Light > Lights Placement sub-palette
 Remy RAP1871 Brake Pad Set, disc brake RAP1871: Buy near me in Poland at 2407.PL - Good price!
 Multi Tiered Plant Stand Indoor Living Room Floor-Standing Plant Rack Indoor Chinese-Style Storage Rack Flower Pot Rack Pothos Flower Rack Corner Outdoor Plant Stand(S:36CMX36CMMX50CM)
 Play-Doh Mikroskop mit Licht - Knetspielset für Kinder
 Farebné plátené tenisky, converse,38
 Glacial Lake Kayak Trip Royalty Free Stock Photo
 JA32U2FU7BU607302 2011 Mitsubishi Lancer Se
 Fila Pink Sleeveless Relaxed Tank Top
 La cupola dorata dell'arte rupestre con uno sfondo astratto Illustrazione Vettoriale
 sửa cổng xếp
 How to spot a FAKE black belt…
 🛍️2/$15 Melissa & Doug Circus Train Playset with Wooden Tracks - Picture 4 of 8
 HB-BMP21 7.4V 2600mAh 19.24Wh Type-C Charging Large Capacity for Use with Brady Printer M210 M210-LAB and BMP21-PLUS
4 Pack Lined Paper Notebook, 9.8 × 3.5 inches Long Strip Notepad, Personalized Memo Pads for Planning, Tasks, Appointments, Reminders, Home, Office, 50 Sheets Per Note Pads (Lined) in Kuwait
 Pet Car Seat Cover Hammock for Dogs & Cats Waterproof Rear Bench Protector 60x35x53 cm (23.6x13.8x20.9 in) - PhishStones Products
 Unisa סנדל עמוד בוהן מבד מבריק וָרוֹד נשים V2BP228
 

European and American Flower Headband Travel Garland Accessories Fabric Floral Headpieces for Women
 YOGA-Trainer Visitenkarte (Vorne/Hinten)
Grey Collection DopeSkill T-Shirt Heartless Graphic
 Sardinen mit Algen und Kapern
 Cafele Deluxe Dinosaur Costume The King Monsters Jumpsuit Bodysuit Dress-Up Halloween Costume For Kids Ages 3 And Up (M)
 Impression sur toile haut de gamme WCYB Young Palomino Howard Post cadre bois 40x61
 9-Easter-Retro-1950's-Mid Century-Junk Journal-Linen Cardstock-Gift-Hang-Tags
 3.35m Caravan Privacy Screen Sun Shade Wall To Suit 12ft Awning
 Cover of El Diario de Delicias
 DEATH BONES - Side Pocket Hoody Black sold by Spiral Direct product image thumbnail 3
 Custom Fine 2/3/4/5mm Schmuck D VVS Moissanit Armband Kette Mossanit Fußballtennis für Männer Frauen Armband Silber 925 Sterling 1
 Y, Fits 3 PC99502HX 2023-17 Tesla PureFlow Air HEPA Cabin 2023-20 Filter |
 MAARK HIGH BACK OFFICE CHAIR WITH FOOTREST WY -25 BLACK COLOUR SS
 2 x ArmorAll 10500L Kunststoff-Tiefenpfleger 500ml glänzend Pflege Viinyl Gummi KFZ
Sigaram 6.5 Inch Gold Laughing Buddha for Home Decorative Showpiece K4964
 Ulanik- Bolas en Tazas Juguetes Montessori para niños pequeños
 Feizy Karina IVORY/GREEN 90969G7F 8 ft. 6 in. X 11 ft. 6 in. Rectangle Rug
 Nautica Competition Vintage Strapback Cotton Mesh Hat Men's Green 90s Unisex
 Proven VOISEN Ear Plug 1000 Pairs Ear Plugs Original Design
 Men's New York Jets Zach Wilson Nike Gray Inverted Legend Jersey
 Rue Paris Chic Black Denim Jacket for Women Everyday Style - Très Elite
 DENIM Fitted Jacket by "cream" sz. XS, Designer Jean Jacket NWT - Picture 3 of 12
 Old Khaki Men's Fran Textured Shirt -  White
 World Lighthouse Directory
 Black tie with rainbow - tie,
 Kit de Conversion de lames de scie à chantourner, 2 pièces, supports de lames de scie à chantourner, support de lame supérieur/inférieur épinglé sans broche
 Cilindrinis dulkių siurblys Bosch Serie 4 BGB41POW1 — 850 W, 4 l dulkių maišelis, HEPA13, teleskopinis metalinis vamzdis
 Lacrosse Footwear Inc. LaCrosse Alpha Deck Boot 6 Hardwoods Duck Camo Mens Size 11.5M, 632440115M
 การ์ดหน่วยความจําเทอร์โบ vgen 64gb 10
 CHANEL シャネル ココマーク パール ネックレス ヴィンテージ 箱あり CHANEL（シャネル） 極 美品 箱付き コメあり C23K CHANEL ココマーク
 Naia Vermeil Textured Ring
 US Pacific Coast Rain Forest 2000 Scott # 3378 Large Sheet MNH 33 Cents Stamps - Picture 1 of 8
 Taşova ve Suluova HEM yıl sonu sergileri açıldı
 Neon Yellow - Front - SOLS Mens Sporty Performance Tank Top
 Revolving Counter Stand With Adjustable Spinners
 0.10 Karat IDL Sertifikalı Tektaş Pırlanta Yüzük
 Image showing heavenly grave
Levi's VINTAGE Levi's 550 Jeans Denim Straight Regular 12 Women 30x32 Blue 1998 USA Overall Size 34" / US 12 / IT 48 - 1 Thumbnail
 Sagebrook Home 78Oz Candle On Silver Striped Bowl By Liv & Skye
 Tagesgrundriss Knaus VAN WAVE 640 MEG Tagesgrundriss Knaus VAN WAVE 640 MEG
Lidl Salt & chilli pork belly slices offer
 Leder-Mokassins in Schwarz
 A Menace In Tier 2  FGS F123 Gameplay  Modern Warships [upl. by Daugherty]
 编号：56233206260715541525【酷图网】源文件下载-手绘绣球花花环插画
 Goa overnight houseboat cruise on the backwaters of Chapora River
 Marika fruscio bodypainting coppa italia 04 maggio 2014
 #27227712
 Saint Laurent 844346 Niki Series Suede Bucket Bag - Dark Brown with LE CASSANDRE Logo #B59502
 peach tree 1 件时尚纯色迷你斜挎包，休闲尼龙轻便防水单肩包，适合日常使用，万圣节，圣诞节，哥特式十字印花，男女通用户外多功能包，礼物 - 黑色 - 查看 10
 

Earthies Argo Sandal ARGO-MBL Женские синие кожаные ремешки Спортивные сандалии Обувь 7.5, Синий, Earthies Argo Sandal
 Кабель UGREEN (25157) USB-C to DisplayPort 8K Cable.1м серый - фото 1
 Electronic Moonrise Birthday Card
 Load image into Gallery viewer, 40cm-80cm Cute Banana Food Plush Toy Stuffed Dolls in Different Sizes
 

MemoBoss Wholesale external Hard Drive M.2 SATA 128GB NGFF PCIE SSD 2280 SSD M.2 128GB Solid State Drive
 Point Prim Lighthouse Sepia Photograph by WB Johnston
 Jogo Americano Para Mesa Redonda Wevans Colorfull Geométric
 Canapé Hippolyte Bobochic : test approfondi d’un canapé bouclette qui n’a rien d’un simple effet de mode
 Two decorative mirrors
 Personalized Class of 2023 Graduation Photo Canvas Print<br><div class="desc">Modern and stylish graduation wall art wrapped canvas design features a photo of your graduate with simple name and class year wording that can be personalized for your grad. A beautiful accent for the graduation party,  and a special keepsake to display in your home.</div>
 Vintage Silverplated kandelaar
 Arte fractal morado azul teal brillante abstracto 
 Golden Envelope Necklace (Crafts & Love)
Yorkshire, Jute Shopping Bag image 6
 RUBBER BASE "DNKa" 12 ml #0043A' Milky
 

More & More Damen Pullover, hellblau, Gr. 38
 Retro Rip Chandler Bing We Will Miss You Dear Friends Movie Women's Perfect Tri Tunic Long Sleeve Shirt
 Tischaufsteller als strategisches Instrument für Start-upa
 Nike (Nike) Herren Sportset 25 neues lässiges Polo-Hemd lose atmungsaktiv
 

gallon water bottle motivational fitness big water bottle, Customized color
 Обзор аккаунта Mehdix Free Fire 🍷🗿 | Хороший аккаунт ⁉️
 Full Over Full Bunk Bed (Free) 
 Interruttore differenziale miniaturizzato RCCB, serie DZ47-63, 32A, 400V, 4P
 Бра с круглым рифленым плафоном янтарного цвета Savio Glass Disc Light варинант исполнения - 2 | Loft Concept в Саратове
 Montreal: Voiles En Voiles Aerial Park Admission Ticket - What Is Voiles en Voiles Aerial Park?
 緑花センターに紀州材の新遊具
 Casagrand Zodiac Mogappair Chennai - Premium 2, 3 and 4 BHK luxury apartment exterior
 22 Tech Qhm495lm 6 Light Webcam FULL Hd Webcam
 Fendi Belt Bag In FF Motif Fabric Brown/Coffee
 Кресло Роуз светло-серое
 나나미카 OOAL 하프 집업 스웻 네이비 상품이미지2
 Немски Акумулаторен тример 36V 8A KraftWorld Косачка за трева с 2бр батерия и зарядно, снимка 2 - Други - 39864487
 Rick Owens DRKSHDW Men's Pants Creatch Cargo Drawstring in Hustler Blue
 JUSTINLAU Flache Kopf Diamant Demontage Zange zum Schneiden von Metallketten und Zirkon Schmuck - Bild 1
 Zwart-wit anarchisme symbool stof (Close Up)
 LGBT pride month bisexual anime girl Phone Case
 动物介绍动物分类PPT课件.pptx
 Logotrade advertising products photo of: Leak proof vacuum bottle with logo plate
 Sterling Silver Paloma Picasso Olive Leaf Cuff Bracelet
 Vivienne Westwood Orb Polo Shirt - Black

**What to produce**.
Retype only the lines above between the line with "Arte fractal morado" and the line with "More & More Damen Pullover, hellblau, Gr. 38", counting those two lines as well, and keep every character as it is.

**Solution**.
 Arte fractal morado azul teal brillante abstracto 
 Golden Envelope Necklace (Crafts & Love)
Yorkshire, Jute Shopping Bag image 6
 RUBBER BASE "DNKa" 12 ml #0043A' Milky
 

More & More Damen Pullover, hellblau, Gr. 38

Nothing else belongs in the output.